Stopped in at Nostalgia Hobby in Scotch Plains today and asked for 440x2 tune-up parts and Joe told me they are not available anymore. He had no axles, rims...shoes...etc..etc...etc...

He did have motors, but what good is a motor without anything else? 

I'd like to rebuild both of my 440x2's but how am I supposed to do so? I thought someone on here had mentioned that the BSRT stuff would work. Is this true?


----------



## SwamperGene (Dec 1, 2003)

Nostalgia's got a ton of stuff but I think it's fair to say that he caters more to the pancake crowd. You should be able to find Tyco tuneup kits out there somewhere. BSRT sells alot of it but rumors have been out there that they were out of alot...who knows. 440 shoes, brushes, springs and such...if you don't get any before we meet I got alot of that stuff here.


----------



## gear buster (Dec 1, 2005)

*parts*

If ya need anymore help with parts fire me a email.
It's just another resource to put with SwamperGene.:thumbsup:
I have 440 x 2 parts,some Pancake , and alot others.


----------



## AfxToo (Aug 29, 2003)

No problem 440, you can use Wizzard brushes, brush springs, pickup shoe springs, armatures, axles, and gears on your Tyco. Wizzard also sells high performance upgrade parts for the Tyco, like better "ski style" pickup shoes, threaded brush tubes, stronger traction magnets, stronger motors, as well as silver plated electrical parts. I vastly prefer the Wizzard double wound shoe springs over the stock Tyco ones. Wizzard also sells stock Tyco parts too (where available) but a fair number of the Tyco and Patriot/Storm parts are interchangeable. 

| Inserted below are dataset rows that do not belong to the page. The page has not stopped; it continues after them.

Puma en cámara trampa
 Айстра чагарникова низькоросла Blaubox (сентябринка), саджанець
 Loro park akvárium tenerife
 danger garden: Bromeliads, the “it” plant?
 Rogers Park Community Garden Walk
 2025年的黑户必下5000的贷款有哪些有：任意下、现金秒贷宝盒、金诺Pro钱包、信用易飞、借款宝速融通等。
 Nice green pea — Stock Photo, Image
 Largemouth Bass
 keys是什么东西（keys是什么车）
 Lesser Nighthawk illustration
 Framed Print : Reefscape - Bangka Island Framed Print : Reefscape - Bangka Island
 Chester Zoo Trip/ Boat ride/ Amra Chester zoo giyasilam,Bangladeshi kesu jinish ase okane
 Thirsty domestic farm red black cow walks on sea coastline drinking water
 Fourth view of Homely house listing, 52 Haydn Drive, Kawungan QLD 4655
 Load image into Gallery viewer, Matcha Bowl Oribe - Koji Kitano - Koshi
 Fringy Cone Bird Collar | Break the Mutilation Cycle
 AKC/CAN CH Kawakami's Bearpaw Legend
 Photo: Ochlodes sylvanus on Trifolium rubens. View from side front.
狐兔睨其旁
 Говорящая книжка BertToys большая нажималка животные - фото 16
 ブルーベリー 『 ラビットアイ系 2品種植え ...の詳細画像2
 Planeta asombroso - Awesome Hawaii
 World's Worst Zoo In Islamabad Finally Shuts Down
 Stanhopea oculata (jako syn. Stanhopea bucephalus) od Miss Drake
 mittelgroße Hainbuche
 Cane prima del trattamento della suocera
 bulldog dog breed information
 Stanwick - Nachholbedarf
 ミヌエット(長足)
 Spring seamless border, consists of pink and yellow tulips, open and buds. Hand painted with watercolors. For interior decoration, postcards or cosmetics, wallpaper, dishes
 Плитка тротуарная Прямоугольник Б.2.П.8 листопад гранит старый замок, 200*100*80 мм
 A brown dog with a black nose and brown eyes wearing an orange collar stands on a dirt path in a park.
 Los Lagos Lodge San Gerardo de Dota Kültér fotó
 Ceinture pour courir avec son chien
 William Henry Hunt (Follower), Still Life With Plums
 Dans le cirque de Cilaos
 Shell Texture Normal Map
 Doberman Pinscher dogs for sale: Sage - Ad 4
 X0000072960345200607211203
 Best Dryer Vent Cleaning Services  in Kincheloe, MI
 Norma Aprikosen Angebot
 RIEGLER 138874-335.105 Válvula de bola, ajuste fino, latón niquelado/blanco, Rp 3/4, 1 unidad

Slottech also sells lots of parts for the Tycos.

You should never be lacking for Tyco parts.


----------



## 440 (Feb 23, 2008)

Thanks guys. I appreciate it. 

I love my two 440x2's but I don't run them. They need some work. They are part of my '91-'92 Sparkin' Hot Rod set and they are both tired. 

I wanted to rebuild one of them and throw different wheels, body and such on them but I'm having the roughest time finding parts for them. I'm going to put together a small list of things I'd like to do, maybe I can get some help on the parts that I'm gonna need because I have no clue.


----------